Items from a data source
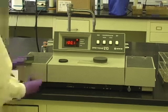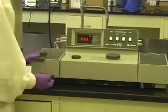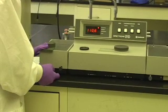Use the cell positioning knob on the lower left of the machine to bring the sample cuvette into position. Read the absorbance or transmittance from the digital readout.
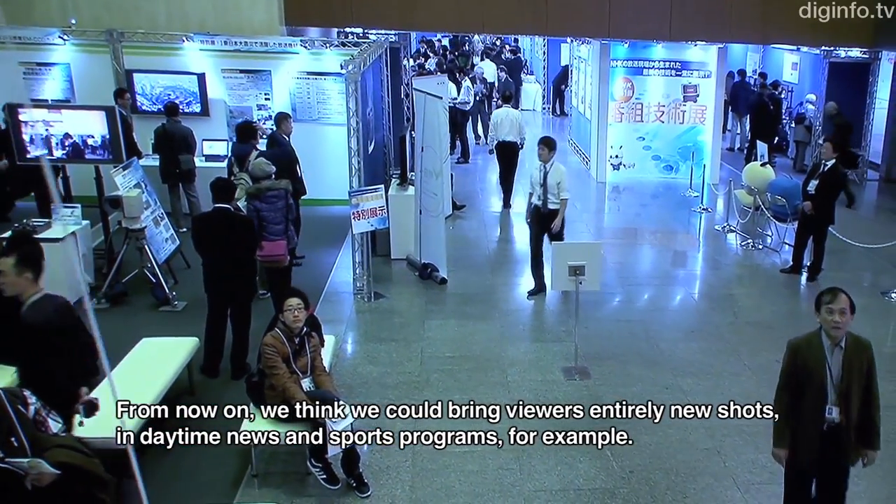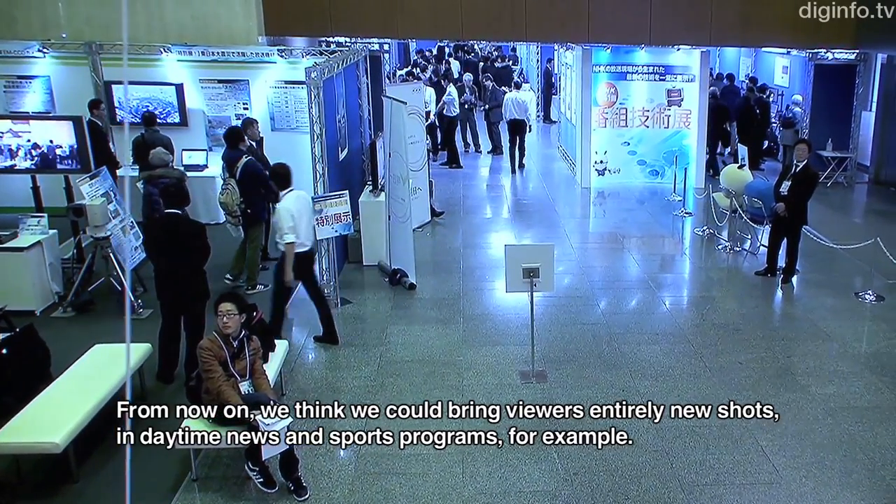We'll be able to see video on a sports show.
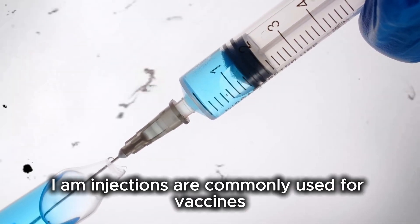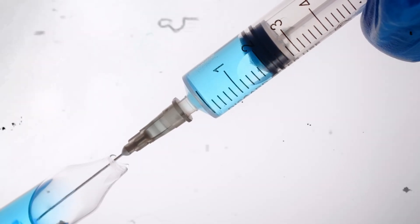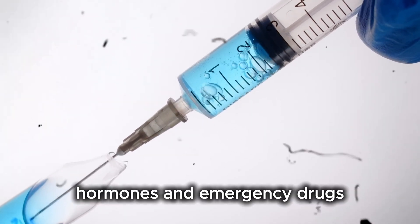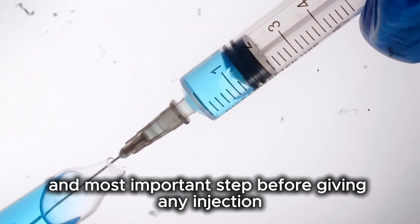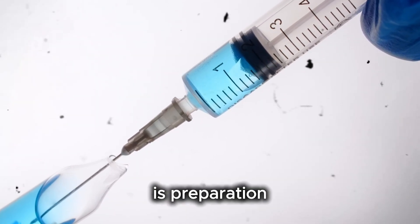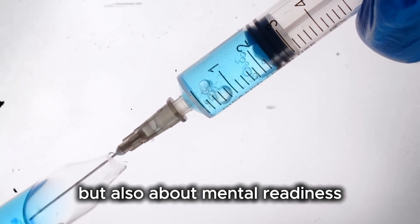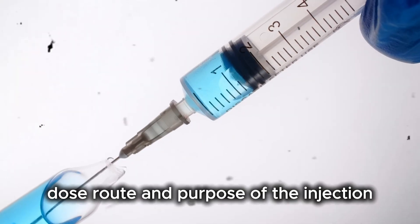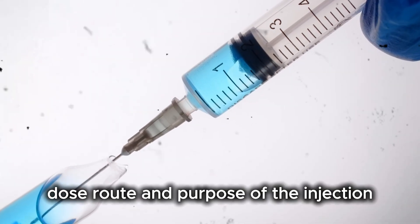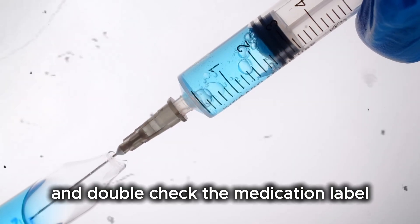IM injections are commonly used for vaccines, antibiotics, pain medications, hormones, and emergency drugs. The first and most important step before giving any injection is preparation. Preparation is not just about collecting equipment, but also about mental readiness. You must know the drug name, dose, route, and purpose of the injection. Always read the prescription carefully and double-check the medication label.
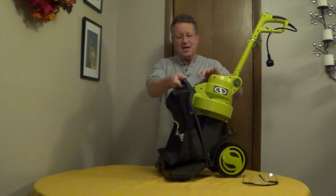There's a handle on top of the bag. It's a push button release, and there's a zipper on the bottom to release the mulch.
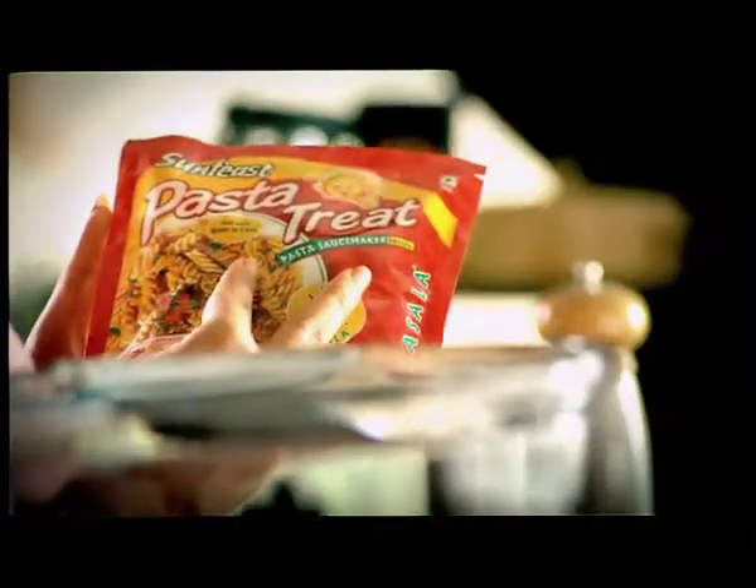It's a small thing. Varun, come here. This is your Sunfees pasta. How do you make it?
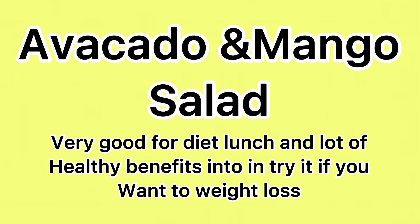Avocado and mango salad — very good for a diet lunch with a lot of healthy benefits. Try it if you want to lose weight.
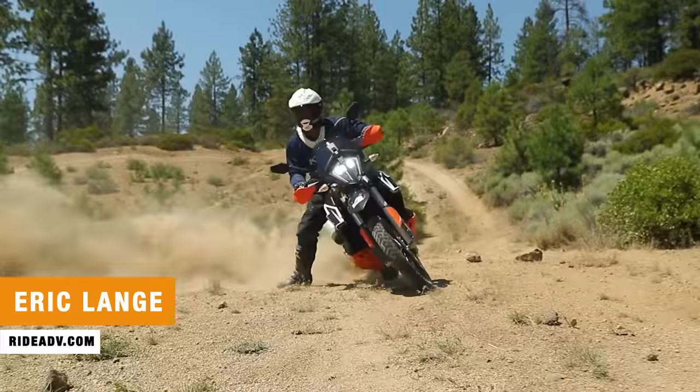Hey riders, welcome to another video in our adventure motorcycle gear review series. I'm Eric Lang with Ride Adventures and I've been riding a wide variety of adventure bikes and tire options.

DIRECTIONS FOR THIS TASK: Your task is to repeat the opening line of the entries above and each line after it, ending with the line that has "We'll be able to see video on a sports show.". Do not include the pictures.

RESPONSE TO THE TASK:
Use the cell positioning knob on the lower left of the machine to bring the sample cuvette into position. Read the absorbance or transmittance from the digital readout.
We'll be able to see video on a sports show.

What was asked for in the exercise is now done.